**RECORDS FOR PROCESSING**
=== Begin Enclosure ===

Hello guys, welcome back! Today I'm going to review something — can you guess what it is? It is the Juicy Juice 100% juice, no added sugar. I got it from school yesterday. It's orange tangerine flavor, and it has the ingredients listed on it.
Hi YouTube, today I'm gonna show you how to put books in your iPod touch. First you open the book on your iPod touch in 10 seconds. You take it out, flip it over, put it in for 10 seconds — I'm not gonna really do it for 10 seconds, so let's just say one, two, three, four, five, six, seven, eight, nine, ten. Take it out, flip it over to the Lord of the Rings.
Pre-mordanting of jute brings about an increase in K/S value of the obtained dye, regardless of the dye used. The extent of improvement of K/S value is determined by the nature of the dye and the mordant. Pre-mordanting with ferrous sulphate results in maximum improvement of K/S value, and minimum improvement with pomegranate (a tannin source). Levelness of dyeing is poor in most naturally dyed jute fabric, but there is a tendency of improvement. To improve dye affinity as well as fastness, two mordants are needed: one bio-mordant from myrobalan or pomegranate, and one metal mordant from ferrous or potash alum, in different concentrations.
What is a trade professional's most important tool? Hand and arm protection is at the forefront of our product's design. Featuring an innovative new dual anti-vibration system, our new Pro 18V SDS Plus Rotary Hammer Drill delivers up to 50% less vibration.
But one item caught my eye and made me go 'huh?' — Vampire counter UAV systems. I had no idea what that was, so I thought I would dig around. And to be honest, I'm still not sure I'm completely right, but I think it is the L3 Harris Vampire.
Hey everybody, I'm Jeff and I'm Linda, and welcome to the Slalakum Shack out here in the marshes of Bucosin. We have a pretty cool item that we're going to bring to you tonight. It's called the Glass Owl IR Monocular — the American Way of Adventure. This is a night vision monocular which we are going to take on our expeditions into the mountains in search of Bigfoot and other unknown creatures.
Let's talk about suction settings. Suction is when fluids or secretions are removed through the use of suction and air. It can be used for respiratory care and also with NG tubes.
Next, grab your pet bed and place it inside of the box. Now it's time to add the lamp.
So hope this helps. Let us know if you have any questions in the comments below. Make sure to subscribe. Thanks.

=== End Enclosure ===

**TASK TO CARRY OUT**
Your response should consist of the data above, duplicated exactly.

**SOLUTION TO THIS TASK**
Hello guys, welcome back! Today I'm going to review something — can you guess what it is? It is the Juicy Juice 100% juice, no added sugar. I got it from school yesterday. It's orange tangerine flavor, and it has the ingredients listed on it.
Hi YouTube, today I'm gonna show you how to put books in your iPod touch. First you open the book on your iPod touch in 10 seconds. You take it out, flip it over, put it in for 10 seconds — I'm not gonna really do it for 10 seconds, so let's just say one, two, three, four, five, six, seven, eight, nine, ten. Take it out, flip it over to the Lord of the Rings.
Pre-mordanting of jute brings about an increase in K/S value of the obtained dye, regardless of the dye used. The extent of improvement of K/S value is determined by the nature of the dye and the mordant. Pre-mordanting with ferrous sulphate results in maximum improvement of K/S value, and minimum improvement with pomegranate (a tannin source). Levelness of dyeing is poor in most naturally dyed jute fabric, but there is a tendency of improvement. To improve dye affinity as well as fastness, two mordants are needed: one bio-mordant from myrobalan or pomegranate, and one metal mordant from ferrous or potash alum, in different concentrations.
What is a trade professional's most important tool? Hand and arm protection is at the forefront of our product's design. Featuring an innovative new dual anti-vibration system, our new Pro 18V SDS Plus Rotary Hammer Drill delivers up to 50% less vibration.
But one item caught my eye and made me go 'huh?' — Vampire counter UAV systems. I had no idea what that was, so I thought I would dig around. And to be honest, I'm still not sure I'm completely right, but I think it is the L3 Harris Vampire.
Hey everybody, I'm Jeff and I'm Linda, and welcome to the Slalakum Shack out here in the marshes of Bucosin. We have a pretty cool item that we're going to bring to you tonight. It's called the Glass Owl IR Monocular — the American Way of Adventure. This is a night vision monocular which we are going to take on our expeditions into the mountains in search of Bigfoot and other unknown creatures.
Let's talk about suction settings. Suction is when fluids or secretions are removed through the use of suction and air. It can be used for respiratory care and also with NG tubes.
Next, grab your pet bed and place it inside of the box. Now it's time to add the lamp.
So hope this helps. Let us know if you have any questions in the comments below. Make sure to subscribe. Thanks.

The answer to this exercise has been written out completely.